## DATA
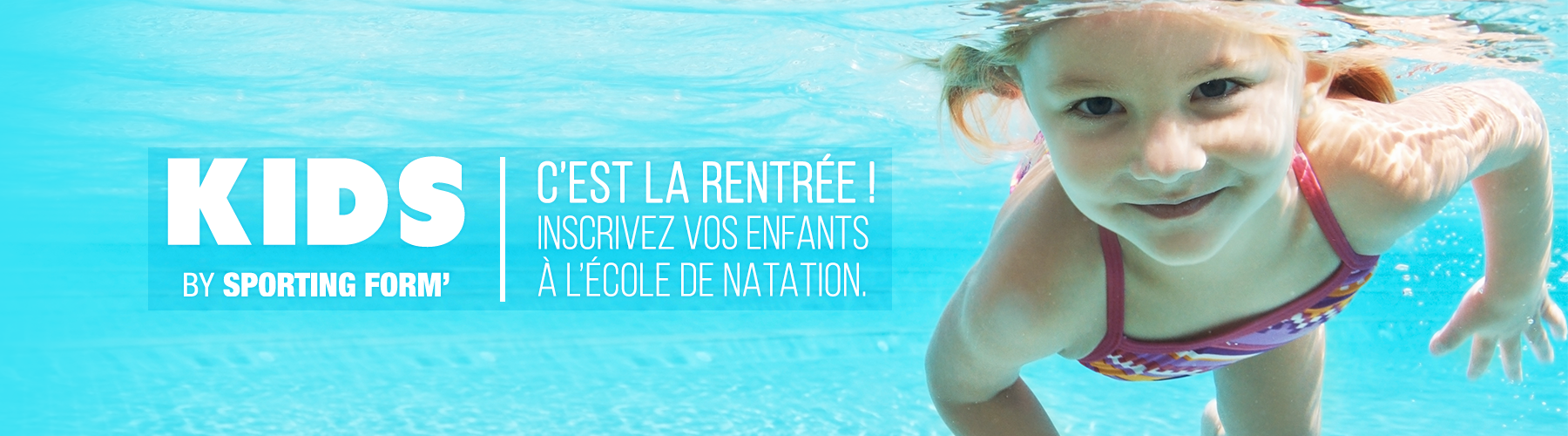 sporting kids natation enfant toulouse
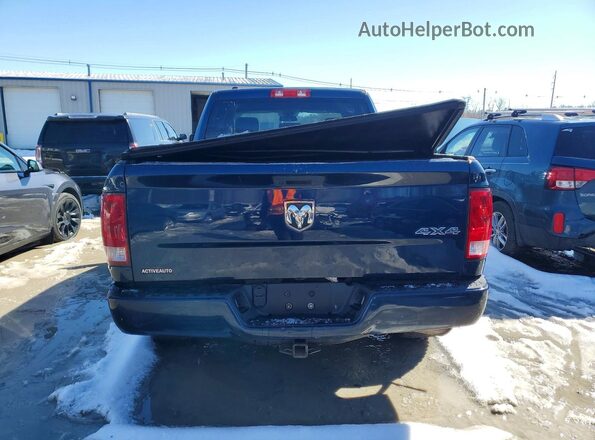 1C6RR7FG5KS636521 2019 RAM 1500 Blue Vista interior delantera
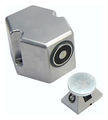 Door Holder Floor Mount 24/120 VAC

## ACTIVITY
Go through the material above and repeat it exactly. Omit the pictures.

## RESPONSE TO THIS TASK
 sporting kids natation enfant toulouse
 1C6RR7FG5KS636521 2019 RAM 1500 Blue Vista interior delantera
 Door Holder Floor Mount 24/120 VAC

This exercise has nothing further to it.